Items listed in a dataset
········
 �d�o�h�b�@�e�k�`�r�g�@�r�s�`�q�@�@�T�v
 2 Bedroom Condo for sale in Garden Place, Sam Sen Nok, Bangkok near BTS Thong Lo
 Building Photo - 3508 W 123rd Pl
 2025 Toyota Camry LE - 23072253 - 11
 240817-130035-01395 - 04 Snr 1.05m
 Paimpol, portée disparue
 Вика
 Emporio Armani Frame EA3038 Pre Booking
········
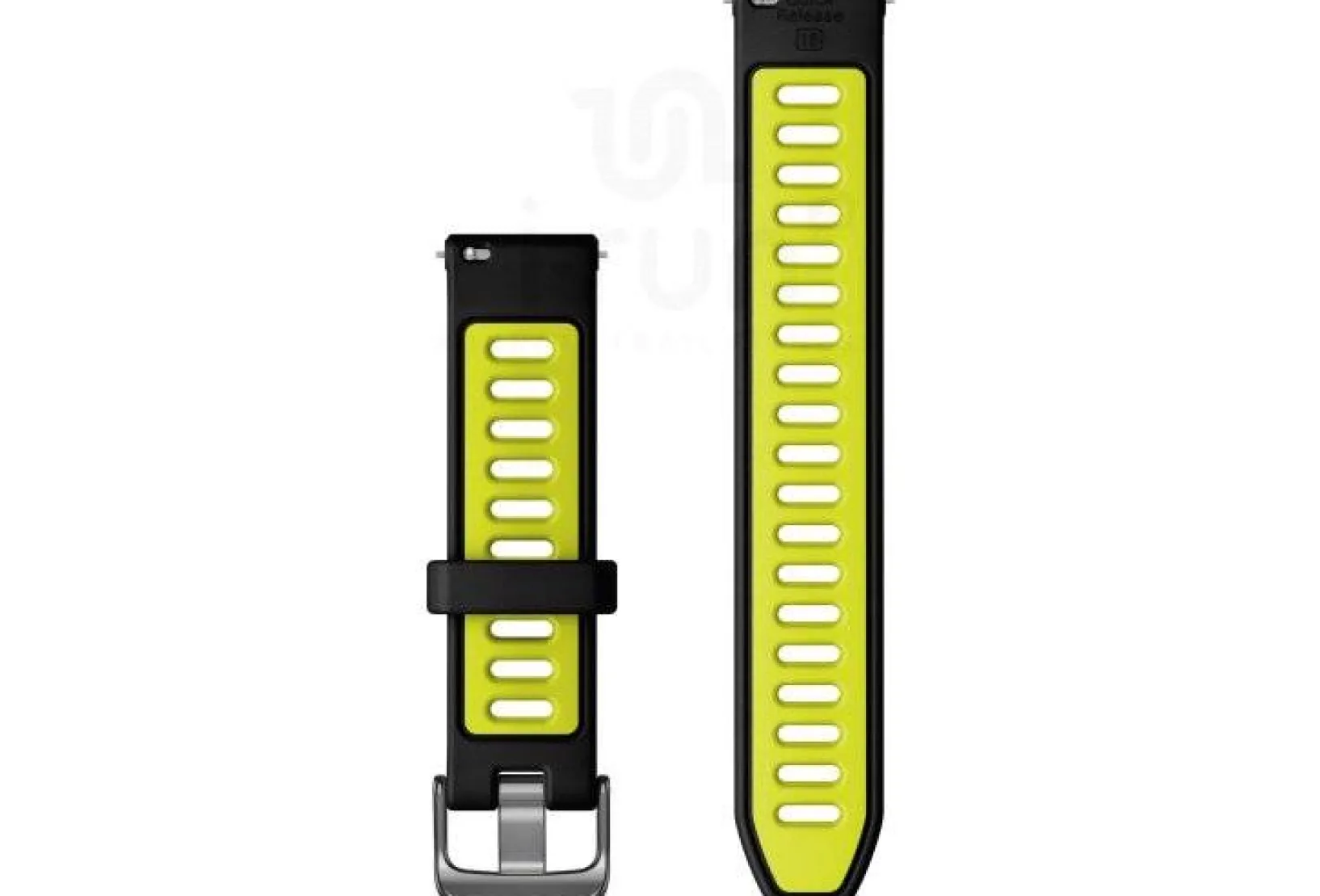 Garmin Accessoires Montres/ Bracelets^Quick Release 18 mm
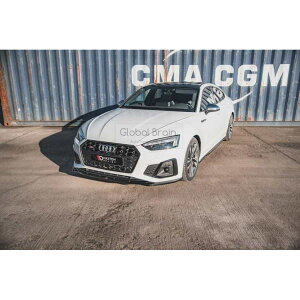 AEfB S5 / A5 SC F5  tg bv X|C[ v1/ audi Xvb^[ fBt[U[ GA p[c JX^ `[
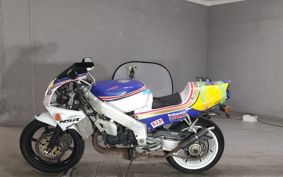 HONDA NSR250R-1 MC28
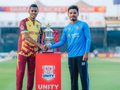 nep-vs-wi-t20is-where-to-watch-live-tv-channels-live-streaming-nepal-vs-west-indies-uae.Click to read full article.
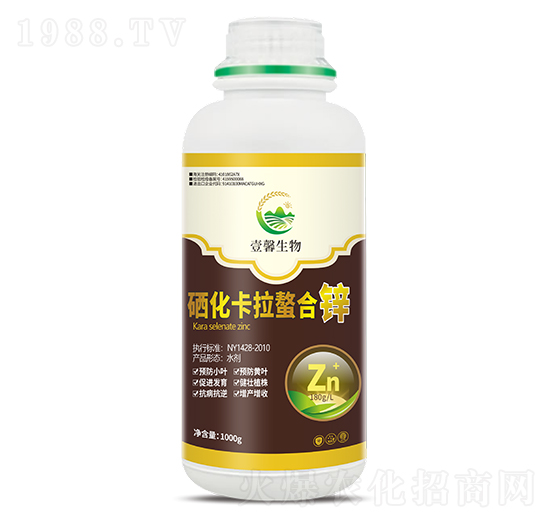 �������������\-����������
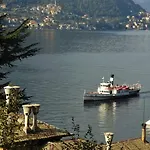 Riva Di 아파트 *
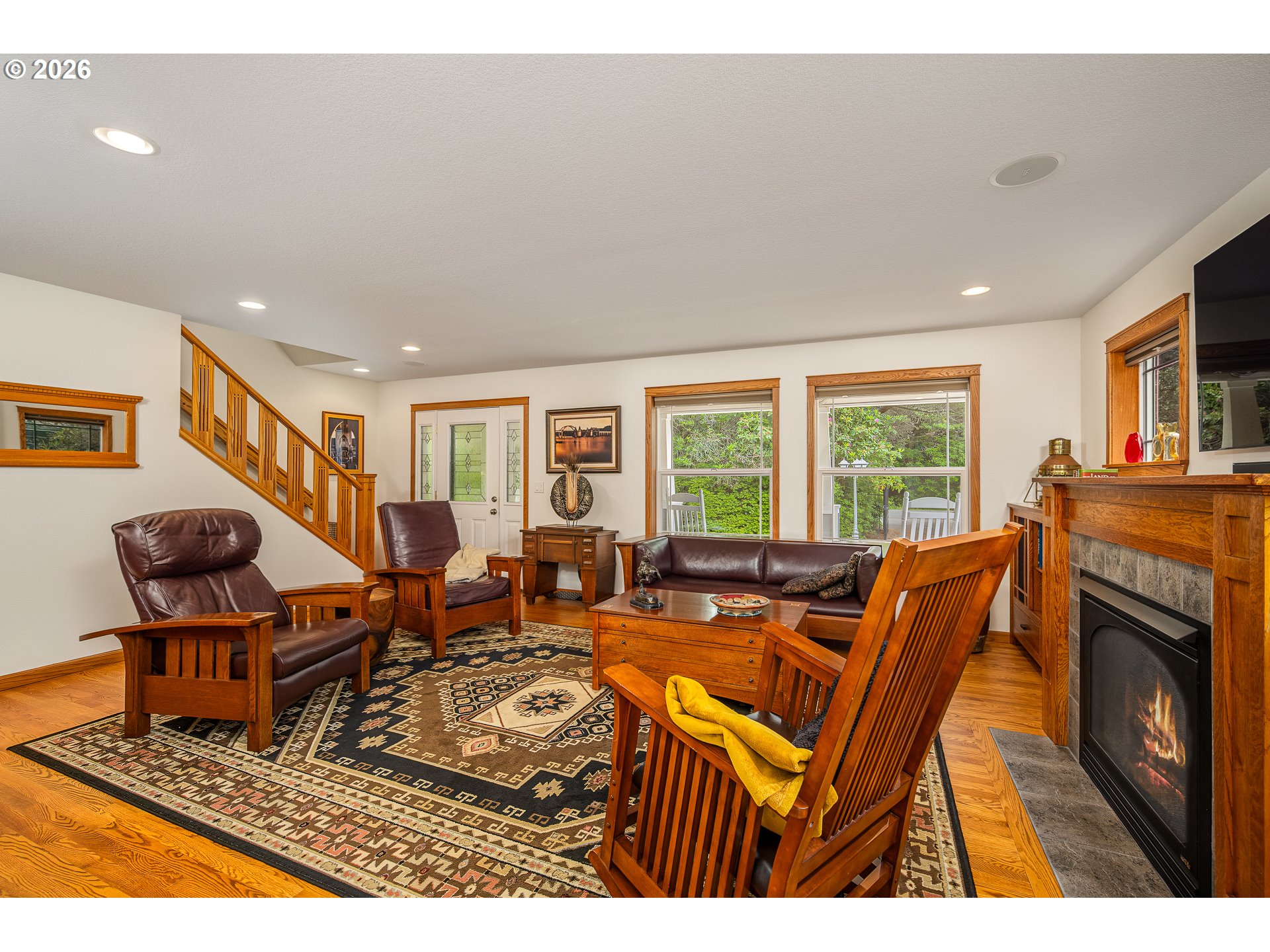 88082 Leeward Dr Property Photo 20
········
> _Your instructions_: Beginning at the line above with "2 Bedroom Condo" and finishing at the line with "Emporio Armani Frame EA3038 Pre Booking", return each line exactly and return nothing else.

> _Output for this exercise_:
 2 Bedroom Condo for sale in Garden Place, Sam Sen Nok, Bangkok near BTS Thong Lo
 Building Photo - 3508 W 123rd Pl
 2025 Toyota Camry LE - 23072253 - 11
 240817-130035-01395 - 04 Snr 1.05m
 Paimpol, portée disparue
 Вика
 Emporio Armani Frame EA3038 Pre Booking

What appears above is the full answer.